Logging is the primary user interface for supporting and troubleshooting your system. It is critical that you get it right. I know this because I have gotten it wrong often enough. If you move to microservice architectures and containers, the criticality only increases because errors and anomalies are as distributed as your runtime. Here are some opinionated recommendations about how to not get it wrong.

Do not create your own logging framework. This is a solved problem and you have better things to work on ¹ . For most language ecosystems, there are probably multiple logging frameworks that you can choose. Pick one that is well supported or frequently used for your platform. Ideally, it will have the following capabilities:

Levels
Appenders
Layout formatting
Configurability
Runtime Modification

Levels allow you to log messages based on the importance of the information. Levels are additive, so if you have the DEBUG level turned on you get that plus everything more important. Most frameworks allow for five or more levels but in practice I’ve found two or three to be sufficient for most of my needs. Appenders define where the log information is sent. Again, most frameworks have a number of capabilities but I’ve found console, file, and syslog appenders to cover most use cases. Layout formatting allows you to specify the message structure and include details like thread information, timestamp, source location, and additional context info. Note that some of this can be expensive to calculate. Configurability is simply the ability to adjust all of these details, usually by way of a config file, environment variables or code. Runtime modification means you can update the configuration without restarting your application. Depending on your use case, this might fall in the ‘nice to have’ category.

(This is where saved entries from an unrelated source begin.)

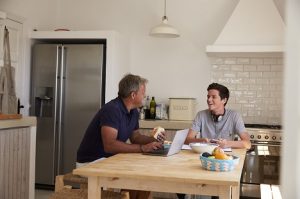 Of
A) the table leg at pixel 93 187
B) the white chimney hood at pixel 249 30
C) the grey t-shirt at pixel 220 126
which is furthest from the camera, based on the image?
the white chimney hood at pixel 249 30

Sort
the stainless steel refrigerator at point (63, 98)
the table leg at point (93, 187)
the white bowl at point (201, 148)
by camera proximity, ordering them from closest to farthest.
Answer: the table leg at point (93, 187) < the white bowl at point (201, 148) < the stainless steel refrigerator at point (63, 98)

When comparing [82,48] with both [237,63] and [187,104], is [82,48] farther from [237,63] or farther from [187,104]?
[237,63]

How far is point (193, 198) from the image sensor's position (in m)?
4.16

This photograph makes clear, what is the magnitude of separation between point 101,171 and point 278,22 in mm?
3323

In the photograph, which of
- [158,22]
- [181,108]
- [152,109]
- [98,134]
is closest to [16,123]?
[98,134]

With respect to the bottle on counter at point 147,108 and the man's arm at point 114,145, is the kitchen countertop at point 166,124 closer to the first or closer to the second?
the bottle on counter at point 147,108

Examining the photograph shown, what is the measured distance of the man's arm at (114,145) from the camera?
2.80m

Picking your logging framework is the easy part. Now comes time to use it. Writing log messages should not be an afterthought. How you do this could make the difference between a critical outage being solved in minutes vs. it taking hours of chasing red herrings and rebooting the world. Clarity, conciseness and consistency matter. It’s a balancing act of conveying the necessary information without overwhelming the reader with the nonessential. This complicated by the fact that what’s necessary and what’s nonessential might vary depending on the circumstances. When authoring log messages, consider the following factors.

Context.

If you are writing a log message, it means you have something to say about the state of the program. As with all conversation, those of us on the other side really need for what you say to be useful and interesting. What isn’t useful is context-free information. Especially if that requires me to have a copy of the code open on the screen as well. It’s especially fun to turn on a lower logging level and see different varieties of “here” messages provide absolutely no assistance. No, my fellow programmer, you are not here. If you are, then you need to take over at this point because a problem has arisen and you did not have the foresight to make this easier. You had something to say when you wrote this, but you didn’t take into account that a future reader might not have the necessary level of familiarity to make sense of your babbling.

Noise

Your logging framework has log levels for a reason. Even if your message passes the context test, logging it at the wrong level isn’t helpful. Now you’ve just added details that we have to wade through to find useful information. Make sure that messages you log for a certain threshold are at the same approximate level of importance. You should be able to justify why a message exists and why it needs to be at the level you’ve set it at. And when I say justify it, I mean to an irritable systems engineer at 3:00 in the morning - the kind that maybe has personal problems and knows where you live.

While we’re talking about noise, let’s talk about exceptions (I come from a Java background so this is something of a special annoyance of mine). Error handling is important but no one wants to skip past the same stack trace repeatedly because you decided to log the error and then throw it up the stack five different times. Either handle it or throw it, but do not log the exception with the stack trace and then throw the same or another exception. Logging that the error occurred along with additional context might be useful in the immediate vicinity of the problem, but that doesn’t mean logging 100 line stack traces in different catch blocks. Especially do not do this in a loop, ad infinitum where this nonsense will happen so much that your log aggregator ends up throttling your account because they are reasonable people and you clearly don’t know what you’re doing.

Searchable

Large systems might produce a lot of logging information, even if you’ve logged things at the appropriate level to minimize the noise. In that case, additional filtering is needed to track down problems. The logging infrastructure can provide some of this. Details like the thread ID can be included in every message. Log aggregation systems should include useful host information and source categorization. Common failure modes can be given explicit error codes that can be searched for. If the system operates on objects with unique identifiers then those can be included as context in every message. Requests to the system can be assigned an identifier as well. Sophisticated architectures can pass said request ID through a distributed system to allow for powerful tracing capabilities.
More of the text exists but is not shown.